A diferencia de otros vehículos de hidrógeno que funcionan mediante pilas de combustible y motores eléctricos, este proyecto utiliza un motor de combustión de 1.4 litros modificado para quemar hidrógeno directamente dentro de los cilindros, conservando así una arquitectura mecánica mucho más familiar para fabricantes, talleres y usuarios acostumbrados a los autos tradicionales.
Un Suzuki Swift que funciona con hidrógeno
El desarrollo fue realizado en conjunto con AVL, una de las compañías más importantes a nivel mundial en tecnologías de movilidad, simulación y pruebas automotrices.
La idea detrás del proyecto consiste en adaptar un vehículo urbano y accesible como el Swift a una tecnología que normalmente suele verse en vehículos más grandes, como buses, camiones o modelos especializados como el Toyota Mirai.
Con esto, Suzuki busca demostrar que la combustión a hidrógeno también podría tener cabida en autos compactos y de uso diario, especialmente en segmentos donde el costo sigue siendo un factor clave.

Motor turboalimentado y emisiones controladas
El prototipo utiliza un motor capaz de generar hasta 100 kW (134 hp) y 220 Nm de torque, cifras comparables con las de un motor turboalimentado convencional.

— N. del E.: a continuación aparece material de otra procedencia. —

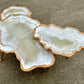 Big Nesting Geode Coffee table white shiny Beige Agate Epoxy Coffee table set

Para lograrlo, el sistema integra:
- Inyección directa de hidrógeno
- Hardware especializado
- Gestión térmica avanzada
- Sistemas electrónicos de control
- Recirculación de gases de escape refrigerados (EGR)

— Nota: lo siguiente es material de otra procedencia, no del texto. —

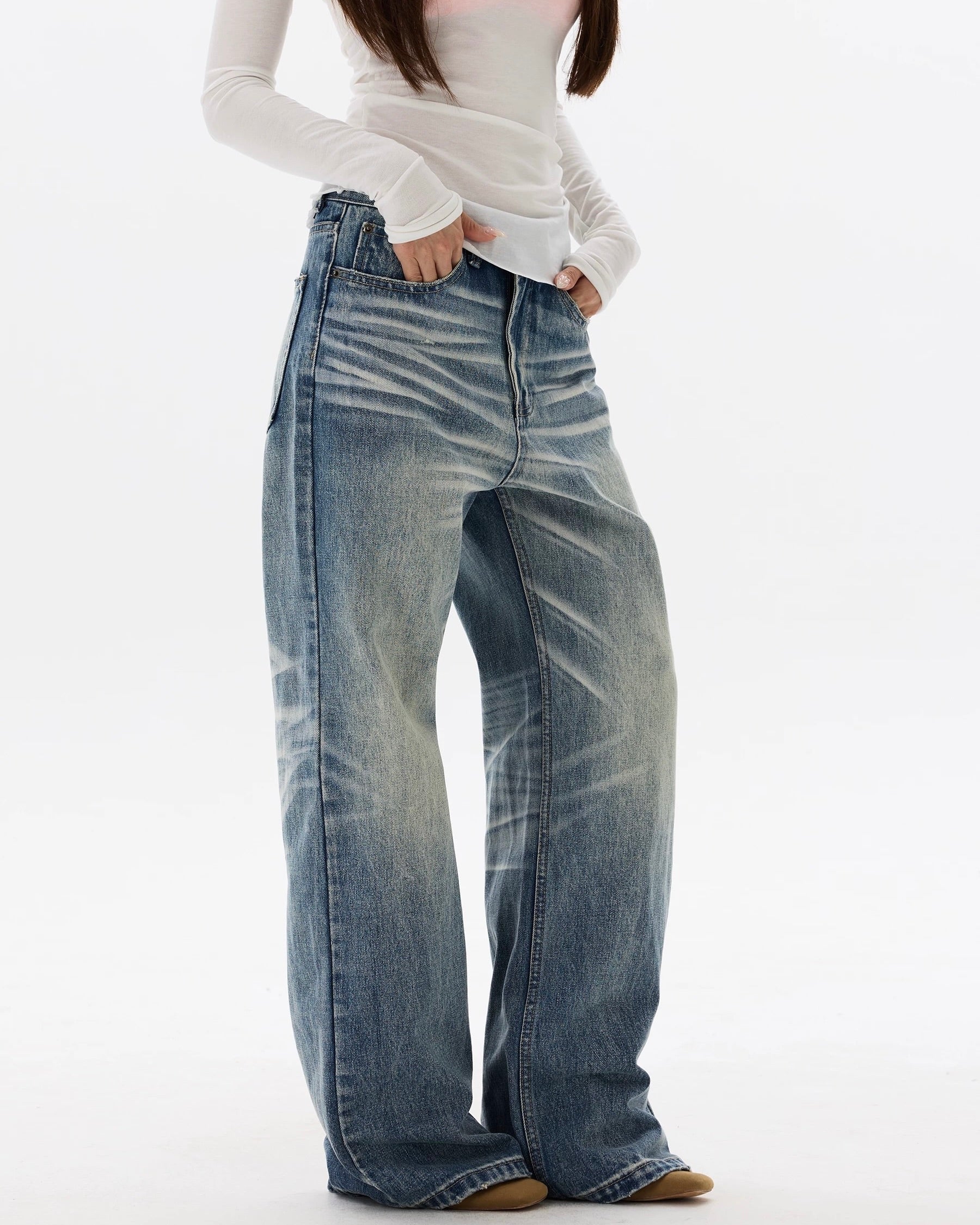 Retro casual straight leg jeans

Este último sistema ayuda a reducir la temperatura de combustión y controlar las emisiones de óxidos de nitrógeno, uno de los principales desafíos de los motores alimentados por hidrógeno.
Además, tanto Suzuki como AVL trabajaron en la gestión del agua generada durante el proceso de combustión, ya que la quema de hidrógeno produce condensación que debe ser controlada para mantener la estabilidad mecánica.

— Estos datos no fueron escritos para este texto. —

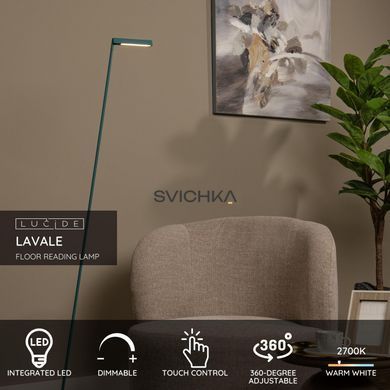Напольная лампа для чтения Lucide LAVALE LED Dim. 1x3W 2700K Turquoise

Una alternativa más cercana al motor tradicional
Actualmente, la mayoría de los autos impulsados por hidrógeno utilizan sistemas de pila de combustible que convierten el hidrógeno en electricidad para alimentar motores eléctricos.
Sin embargo, el enfoque de Suzuki resulta distinto, ya que mantiene la esencia de un motor térmico, pero sustituyendo la gasolina por hidrógeno como combustible principal.
Esta solución podría representar una transición más sencilla para la industria automotriz, ya que aprovecha gran parte de la infraestructura y experiencia existente alrededor de los motores a combustión.
¿El futuro de los compactos deportivos?
La elección del Suzuki Swift como plataforma para este desarrollo no fue casualidad. Se trata de un auto urbano, ligero y accesible, características que permiten evaluar si esta tecnología puede adaptarse a modelos compactos de producción masiva.
Aunque por ahora se trata de un prototipo experimental, el proyecto deja claro que la combustión interna todavía podría tener futuro en una industria que busca reducir emisiones sin abandonar por completo las sensaciones de manejo tradicionales.